> **Raw data**

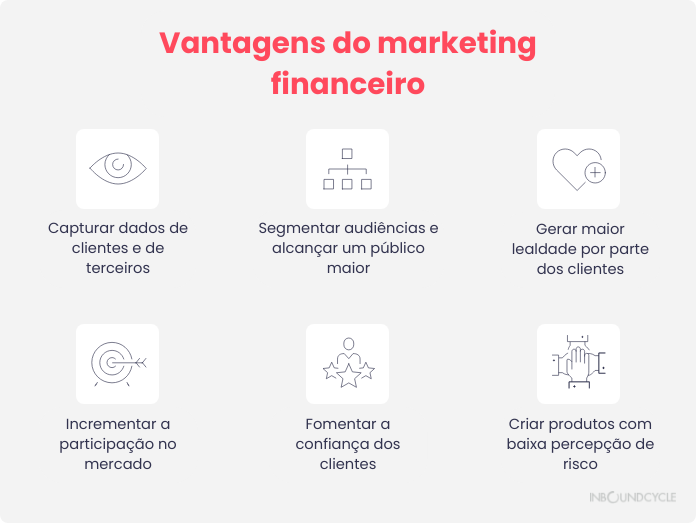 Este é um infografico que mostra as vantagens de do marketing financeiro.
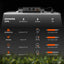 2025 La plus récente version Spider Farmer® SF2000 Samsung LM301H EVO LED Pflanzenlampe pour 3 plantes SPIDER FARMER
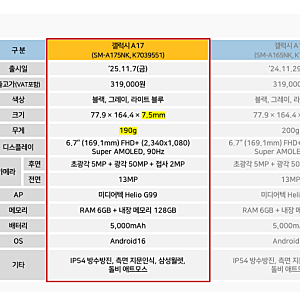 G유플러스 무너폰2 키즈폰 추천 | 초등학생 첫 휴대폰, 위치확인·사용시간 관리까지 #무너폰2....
==
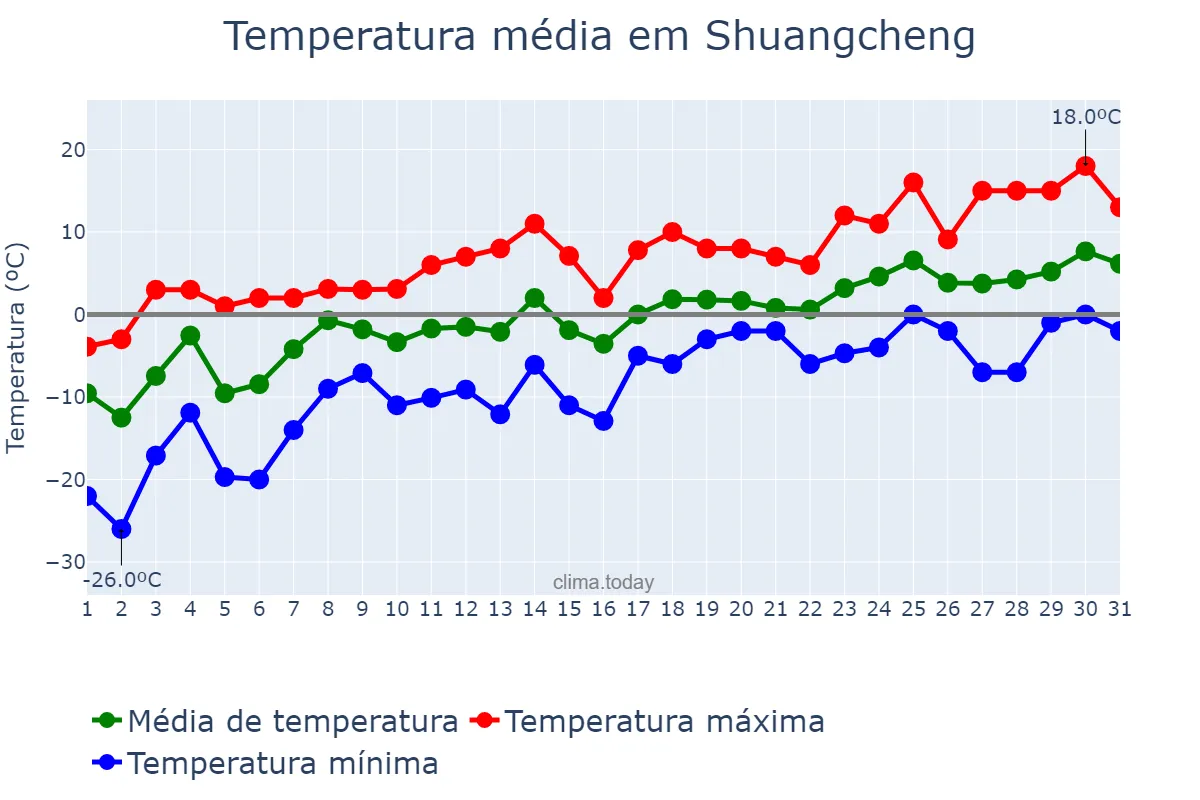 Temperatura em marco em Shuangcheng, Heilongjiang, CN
* * *
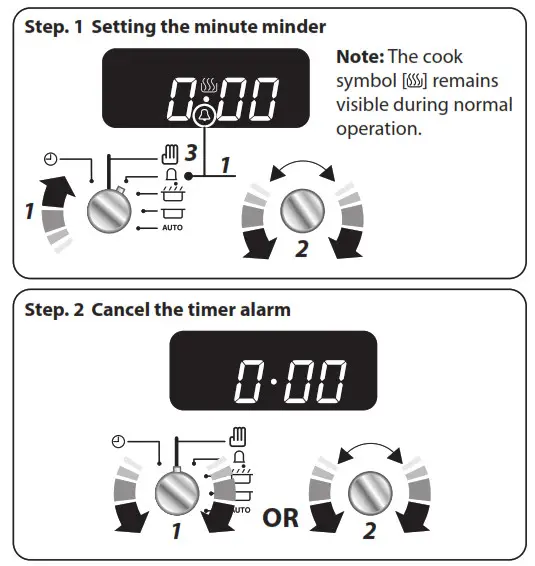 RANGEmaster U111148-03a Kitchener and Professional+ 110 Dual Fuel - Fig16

> **Activity**
Taking the material above, give again exactly the lines from the one holding "2025 La plus" through the one holding "G유플러스 무너폰2 키즈폰", with both ends and without pictures.

> **Answer to the problem**
 2025 La plus récente version Spider Farmer® SF2000 Samsung LM301H EVO LED Pflanzenlampe pour 3 plantes SPIDER FARMER
 G유플러스 무너폰2 키즈폰 추천 | 초등학생 첫 휴대폰, 위치확인·사용시간 관리까지 #무너폰2....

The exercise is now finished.